The following pages had significant changes:
- FAQ: How can you speed up scans?
- Authentication: Documented SSO Solutions/
Released add-ons - Full Changelog
In August 2023, we released updated versions of 10 add-ons:
Common Library (v1.16.0)
Added
- Provide Jackson parsing library, to reuse the library in other add-ons (Issue 7961).
Changed
- Maintenance changes.
Linux WebDrivers (v58)
Changed
- Update ChromeDriver to 115.0.5790.170.
Linux WebDrivers (v59)
Changed
- Update ChromeDriver to 116.0.5845.96.
MacOS WebDrivers (v58)
Changed
- Update ChromeDriver to 115.0.5790.170.
MacOS WebDrivers (v59)
Changed
- Update ChromeDriver to 116.0.5845.96.
Report Generation (v0.24.0)
Changed
- Maintenance changes.
- The following reports now include “Other Info” for alerts:
- Traditional HTML Report
- Traditional HTML Report with requests and responses
- Traditional Markdown Report
- Traditional PDF Report
- Depend on Common Library add-on to reuse libraries (Issue 7961).

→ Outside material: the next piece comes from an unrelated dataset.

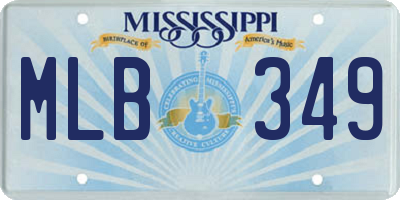 MS license plate MLB349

- Update program name in reports.
Retire.js (v0.25.0)
Changed
- Updated with upstream retire.js pattern changes.
- Maintenance changes.
Wappalyzer - Technology Detection (v21.23.0)
Changed
- Maintenance changes.
- Update minimum ZAP version to 2.13.0.
- Updated with upstream Wappalyzer icon and pattern changes.
Windows WebDrivers (v57)
Changed
- Update ChromeDriver to 115.0.5790.170.
Windows WebDrivers (v58)
Changed
- Update ChromeDriver to 116.0.5845.96.